Almost exactly one year ago we wrote “The Next Subprime Crisis Is Here: Over $120 Billion In Federal Student Loans In Default” in which we took the latest (2009 three year cohort) loan default data on Federal Student Loans released by the Department of Education and applied it to the total amount of student loans outstanding, which back then was $914 billion.
On Sep. 30, ED.gov provided its annual update – this time to the 2010 three year and 2011 two year cohorts – and to nobody’s major surprise, learned that things just got even worse. There are a lot of students who are trying their best to pay back their student loans but are finding it difficult to do so. There is always the option of taking out a loan with an easier repayment plan, known as an instalment loan, to pay it off with. The thing about installment loans online is that they are easy to access and help is there at the touch of a button if you need it. If you are looking for more help with your student loan, you might want to check out somewhere similar to https://www.sofi.com/refinance-student-loan/ for more information.

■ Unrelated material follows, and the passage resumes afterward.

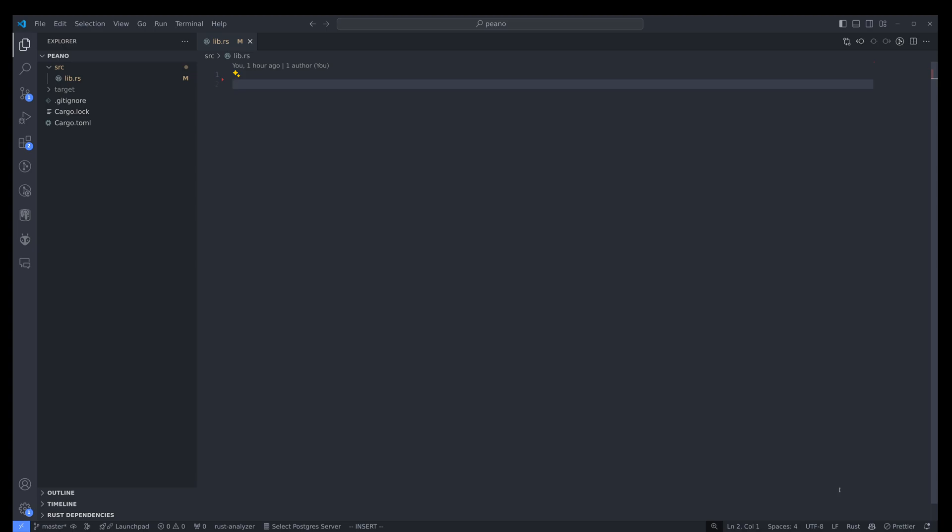What's up, folks? Alex here. So today, for no particular reason, I decided to grossly abuse Rust's type system.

To wit: “The national two-year cohort default rate rose from 9.1 percent for FY 2010 to 10 percent for FY 2011. The three-year cohort default rate rose from 13.4 percent for FY 2009 to 14.7 percent for FY 2010.” Putting this in context, according to Bloomberg defaults have risen to the highest level since 1995. The irony that this is happening in the aftermath of Bernanke’s disastrous ZIRP policy is not lost on anyone.